> [TASK DESCRIPTION] What lines below contain the string "Dress"? List them all.

> [RECORDS SHOWN]
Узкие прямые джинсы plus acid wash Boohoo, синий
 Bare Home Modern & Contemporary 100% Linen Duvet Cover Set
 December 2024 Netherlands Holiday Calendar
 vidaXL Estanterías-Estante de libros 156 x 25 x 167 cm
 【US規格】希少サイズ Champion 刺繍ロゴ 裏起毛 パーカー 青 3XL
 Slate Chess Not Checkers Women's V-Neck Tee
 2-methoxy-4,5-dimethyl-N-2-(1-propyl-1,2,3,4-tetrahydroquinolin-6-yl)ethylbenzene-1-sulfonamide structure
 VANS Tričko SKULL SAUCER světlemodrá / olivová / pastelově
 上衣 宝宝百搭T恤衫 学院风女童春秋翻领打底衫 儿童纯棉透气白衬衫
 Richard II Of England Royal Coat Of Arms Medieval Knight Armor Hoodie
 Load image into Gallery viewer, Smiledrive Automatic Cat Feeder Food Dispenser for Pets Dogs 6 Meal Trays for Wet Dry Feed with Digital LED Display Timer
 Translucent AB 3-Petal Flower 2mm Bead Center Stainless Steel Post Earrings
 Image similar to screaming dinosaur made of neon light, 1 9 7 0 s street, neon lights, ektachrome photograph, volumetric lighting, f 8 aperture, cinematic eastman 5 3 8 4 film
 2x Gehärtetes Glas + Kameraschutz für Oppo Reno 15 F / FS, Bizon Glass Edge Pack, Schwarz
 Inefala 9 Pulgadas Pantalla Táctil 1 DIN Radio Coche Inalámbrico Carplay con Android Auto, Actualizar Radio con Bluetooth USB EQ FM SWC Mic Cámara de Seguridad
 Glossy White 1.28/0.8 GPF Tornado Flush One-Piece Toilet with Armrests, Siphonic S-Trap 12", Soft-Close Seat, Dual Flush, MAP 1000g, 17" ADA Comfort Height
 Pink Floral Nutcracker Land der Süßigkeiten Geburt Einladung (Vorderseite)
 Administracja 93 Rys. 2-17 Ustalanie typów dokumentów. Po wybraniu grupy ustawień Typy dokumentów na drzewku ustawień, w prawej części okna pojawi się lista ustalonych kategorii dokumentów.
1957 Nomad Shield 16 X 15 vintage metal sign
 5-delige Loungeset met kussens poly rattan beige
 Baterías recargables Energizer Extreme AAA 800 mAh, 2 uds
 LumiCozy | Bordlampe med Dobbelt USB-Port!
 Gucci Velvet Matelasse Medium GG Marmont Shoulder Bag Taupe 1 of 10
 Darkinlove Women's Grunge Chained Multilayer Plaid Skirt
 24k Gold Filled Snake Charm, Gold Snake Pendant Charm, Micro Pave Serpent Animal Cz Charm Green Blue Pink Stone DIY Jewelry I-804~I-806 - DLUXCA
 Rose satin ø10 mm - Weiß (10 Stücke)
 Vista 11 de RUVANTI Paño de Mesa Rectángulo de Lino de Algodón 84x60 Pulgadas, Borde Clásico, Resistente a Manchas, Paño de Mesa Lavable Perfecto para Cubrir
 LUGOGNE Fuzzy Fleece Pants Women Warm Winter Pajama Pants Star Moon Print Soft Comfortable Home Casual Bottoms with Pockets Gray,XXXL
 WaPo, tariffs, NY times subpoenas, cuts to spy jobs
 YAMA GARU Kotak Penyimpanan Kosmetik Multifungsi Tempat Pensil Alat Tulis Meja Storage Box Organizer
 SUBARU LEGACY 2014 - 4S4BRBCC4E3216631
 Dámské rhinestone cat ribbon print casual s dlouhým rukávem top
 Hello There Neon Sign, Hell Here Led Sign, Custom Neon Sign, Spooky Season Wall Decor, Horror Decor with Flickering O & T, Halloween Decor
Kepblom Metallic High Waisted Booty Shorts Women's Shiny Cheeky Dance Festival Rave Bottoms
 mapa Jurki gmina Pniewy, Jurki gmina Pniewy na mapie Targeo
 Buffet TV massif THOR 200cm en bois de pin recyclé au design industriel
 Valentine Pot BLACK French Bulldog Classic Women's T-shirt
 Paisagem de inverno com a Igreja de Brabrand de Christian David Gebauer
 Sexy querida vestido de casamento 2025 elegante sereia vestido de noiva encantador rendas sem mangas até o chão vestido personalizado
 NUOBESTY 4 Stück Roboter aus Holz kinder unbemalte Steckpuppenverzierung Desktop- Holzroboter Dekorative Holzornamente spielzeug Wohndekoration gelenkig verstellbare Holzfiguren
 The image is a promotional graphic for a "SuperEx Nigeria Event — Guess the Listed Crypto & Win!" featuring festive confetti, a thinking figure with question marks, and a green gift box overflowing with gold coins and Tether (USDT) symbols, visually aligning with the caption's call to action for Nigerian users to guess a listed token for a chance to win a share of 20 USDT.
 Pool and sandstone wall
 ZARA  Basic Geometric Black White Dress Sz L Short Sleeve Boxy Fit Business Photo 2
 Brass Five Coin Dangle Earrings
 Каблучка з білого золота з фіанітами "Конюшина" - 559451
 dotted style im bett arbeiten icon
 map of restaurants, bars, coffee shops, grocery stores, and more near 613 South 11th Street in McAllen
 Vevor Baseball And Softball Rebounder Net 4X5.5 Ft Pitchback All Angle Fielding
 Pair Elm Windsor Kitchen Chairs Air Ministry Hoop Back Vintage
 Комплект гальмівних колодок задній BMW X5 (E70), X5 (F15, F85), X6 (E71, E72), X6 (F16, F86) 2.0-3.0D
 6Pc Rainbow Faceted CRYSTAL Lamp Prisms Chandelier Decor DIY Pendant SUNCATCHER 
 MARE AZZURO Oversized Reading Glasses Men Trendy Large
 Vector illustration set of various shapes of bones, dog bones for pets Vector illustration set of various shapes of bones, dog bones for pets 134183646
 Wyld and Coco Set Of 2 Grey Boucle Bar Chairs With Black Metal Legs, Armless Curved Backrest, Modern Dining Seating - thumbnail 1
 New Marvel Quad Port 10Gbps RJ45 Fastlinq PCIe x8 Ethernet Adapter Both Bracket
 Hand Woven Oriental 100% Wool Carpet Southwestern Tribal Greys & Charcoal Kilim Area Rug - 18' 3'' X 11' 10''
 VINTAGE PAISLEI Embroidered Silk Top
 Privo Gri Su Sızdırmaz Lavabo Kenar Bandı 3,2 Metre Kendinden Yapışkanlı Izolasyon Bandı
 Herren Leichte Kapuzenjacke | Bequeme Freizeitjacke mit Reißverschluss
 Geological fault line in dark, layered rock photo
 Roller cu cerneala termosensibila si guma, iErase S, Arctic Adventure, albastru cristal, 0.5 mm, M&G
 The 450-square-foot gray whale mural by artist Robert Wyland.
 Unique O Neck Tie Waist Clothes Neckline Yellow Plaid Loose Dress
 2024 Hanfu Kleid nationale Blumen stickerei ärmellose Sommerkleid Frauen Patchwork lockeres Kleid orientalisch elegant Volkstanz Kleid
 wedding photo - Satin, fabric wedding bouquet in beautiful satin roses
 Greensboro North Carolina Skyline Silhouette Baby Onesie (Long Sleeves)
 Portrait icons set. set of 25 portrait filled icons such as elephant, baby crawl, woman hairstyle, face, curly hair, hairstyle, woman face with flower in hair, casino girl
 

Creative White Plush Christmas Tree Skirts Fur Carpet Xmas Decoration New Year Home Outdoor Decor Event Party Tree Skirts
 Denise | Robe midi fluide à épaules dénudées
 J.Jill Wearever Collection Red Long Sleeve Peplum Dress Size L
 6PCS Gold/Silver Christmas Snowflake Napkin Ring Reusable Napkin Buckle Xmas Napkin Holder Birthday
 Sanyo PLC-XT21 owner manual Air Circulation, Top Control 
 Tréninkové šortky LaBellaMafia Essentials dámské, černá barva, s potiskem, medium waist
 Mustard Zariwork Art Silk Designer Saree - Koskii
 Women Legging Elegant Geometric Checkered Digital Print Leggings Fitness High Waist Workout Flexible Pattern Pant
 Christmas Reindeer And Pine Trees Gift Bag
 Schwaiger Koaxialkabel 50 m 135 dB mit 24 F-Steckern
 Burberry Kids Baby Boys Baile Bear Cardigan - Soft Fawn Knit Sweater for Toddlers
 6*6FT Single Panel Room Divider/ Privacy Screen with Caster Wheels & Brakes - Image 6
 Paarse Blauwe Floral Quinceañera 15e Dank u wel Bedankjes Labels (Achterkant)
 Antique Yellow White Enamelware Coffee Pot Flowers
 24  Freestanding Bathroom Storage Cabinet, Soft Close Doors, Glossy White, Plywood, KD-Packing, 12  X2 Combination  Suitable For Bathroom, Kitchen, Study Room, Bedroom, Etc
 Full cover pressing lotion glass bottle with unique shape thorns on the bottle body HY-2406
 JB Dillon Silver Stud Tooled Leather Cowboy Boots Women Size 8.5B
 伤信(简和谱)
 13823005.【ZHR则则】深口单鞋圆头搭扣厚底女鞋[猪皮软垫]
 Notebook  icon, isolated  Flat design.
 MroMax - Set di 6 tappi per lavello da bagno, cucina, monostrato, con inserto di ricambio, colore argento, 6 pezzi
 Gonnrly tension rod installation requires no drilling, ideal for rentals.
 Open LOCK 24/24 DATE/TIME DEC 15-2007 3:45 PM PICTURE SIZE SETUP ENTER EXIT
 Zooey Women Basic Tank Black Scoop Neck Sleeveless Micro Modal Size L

> [SOLUTION FOR THIS TASK]
 ZARA  Basic Geometric Black White Dress Sz L Short Sleeve Boxy Fit Business Photo 2
 Unique O Neck Tie Waist Clothes Neckline Yellow Plaid Loose Dress
 J.Jill Wearever Collection Red Long Sleeve Peplum Dress Size L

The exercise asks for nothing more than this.